Leipzig.Mit Deutschlands einst größtem Stadion ist es ein bisschen wie mit dem Leipziger City-Tunnel. Pläne für beide gab es schon Anfang des 20. Jahrhunderts, realisiert wurden sie weit später. Konkretere Vorstellungen, ein großes Stadion auf den „Frankfurter Wiesen“, wie das Areal des Sportforums einst hieß, gab es seit den 1920er Jahren, die Nationalsozialisten griffen sie in den dreißiger Jahren auf, doch es sollte bis nach dem Krieg dauern, bis das große Vorhaben unter neuen Machthabern realisiert wurde.

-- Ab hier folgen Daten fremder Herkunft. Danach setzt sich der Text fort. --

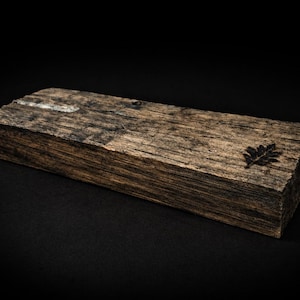 May include: A rectangular wooden block with a dark, weathered appearance. The wood grain is visible, showing shades of brown and gray. A small, dark leaf design is etched on one end. The block is set against a black background.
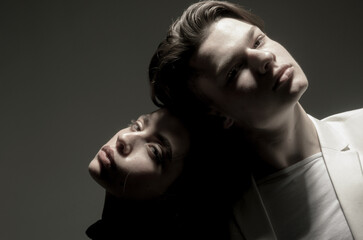 Fashion young couple in studio. Fashion models. Romantic portrait of sensual young couple. Couple in love. Vogue couple embracing. Studio fashion portrait. Catalogue-style look. Fashion shoot.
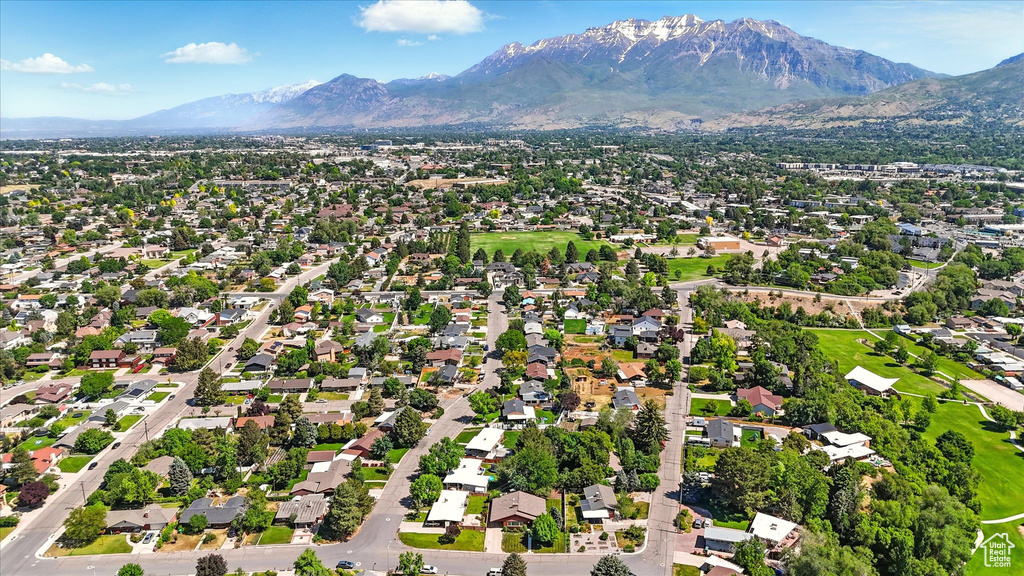Aerial perspective of suburban area featuring a mountainous background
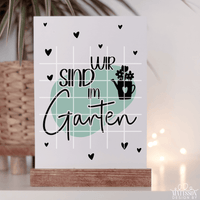 Schöne "Wir sind im Garten" Karte von easy-sticks zum Downloaden und Ausdrucken, mit einem kreativen Design und einem Blumen-Topf im Hintergrund, ideal für Gartenpartys.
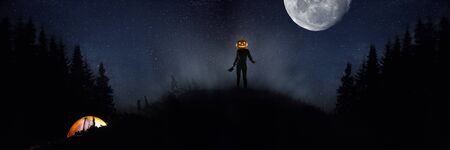 Halloween theme: scary maniac with pumpkin head in dark forest on sky background with midnight moon....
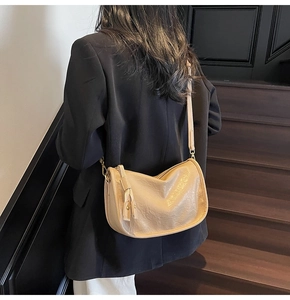 Close-up of beige shoulder bag featuring soft pleated texture and stylish fringe zipper detail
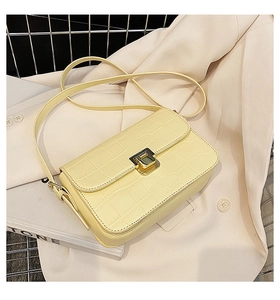 Detail of pale yellow crocodile texture handbag with elegant gold square metal clasp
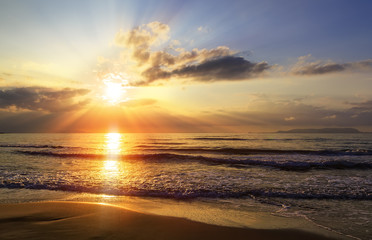 Fototapeta na wymiar Golden sunrise sunset over the sea ocean waves. Rich in dark clouds, rays of light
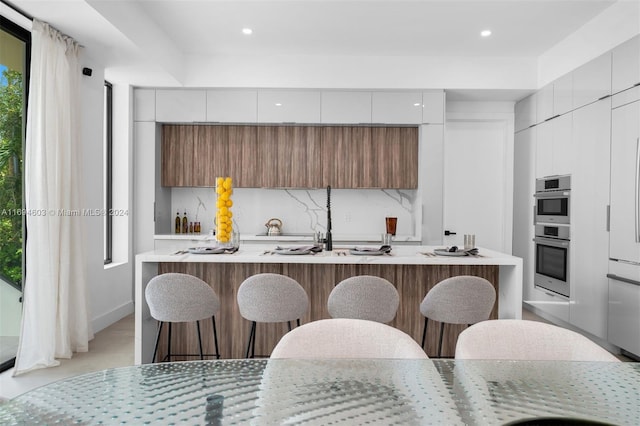 kitchen with a breakfast bar, white cabinetry, an island with sink, and double oven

Stadionwall aus Kriegstrümmern
Dem sportbegeisterten SED-Chef Walter Ulbricht gefiel die Idee, vielleicht auch, weil er selbst nur einige hundert Meter entfernt vom vorgesehenen Standort geboren wurde und weil „Ulli“ und dessen Genossen große Aufmarschbühnen ebenso liebten wie die Nazis. Erste Entwürfe für 60.000 Zuschauer soll Ulbricht vom Tisch gewischt haben, mit der Ansage, man möge das erhöhen. Und so entstand auf dem Reißbrett der Architekten Eitel Jackowski, Karl Souradny und Heinz Schütze ein Plan für ein 100.000er Oval, eingebettet in weitere Stadien für Hockey (20.000), Schwimmen (8 bis 10.000) sowie weitere Sportarten nebst großer Festwiese.
Blick zurück: Der Bau des Leipziger Zentralstadions
Wenige Jahre nach dem Krieg sahen angesichts großen Wohnungsmangels viele den Bau eines Stadions allerdings skeptisch. Doch man machte aus der Not eine Tugend. Auf den Frankfurter Wiesen war ab 1945 etwa ein Drittel der Leipziger Kriegstrümmer gelandet, weil dort relativ nahe der Innenstadt Platz war. So wurde die Idee geboren, daraus den gewaltigen Stadionwall zu formen. Eigentlich baute man schon seit spätestens den dreißiger Jahren große Arenen aus Beton (z. B. das Berliner Olympiastadion, das Maracana in Rio de Janeiro). Doch in Leipzig entstand nach Anlaufschwierigkeiten ab 1955 in anderthalb Jahren die Riesenschüssel quasi aus Schutt.
Grandiose Europapokalspiele
Am 5. August 1956 waren 100.000 beim Einweihungsspiel zwischen dem amtierenden DDR-Meister Wismut Karl-Marx-Stadt (eigentlich Aue) und Honved Budapest dabei. Rekord gab es kurz darauf beim Match zwischen Wismut und dem 1. FC Kaiserslautern, als Fritz Walter vor 110.000 sein legendäres Hackentor erzielte und die Westdeutschen zum 5:3-Sieg führte. Am 8. September 1956 gab es dann auch für die DDR-Oberliga Zuschauerrekord, der ewig bestehen sollte: Zum Ortsderby SC Rotation gegen SC Lok Leipzig kamen offiziell 90 000, aber es waren wohl noch mehr.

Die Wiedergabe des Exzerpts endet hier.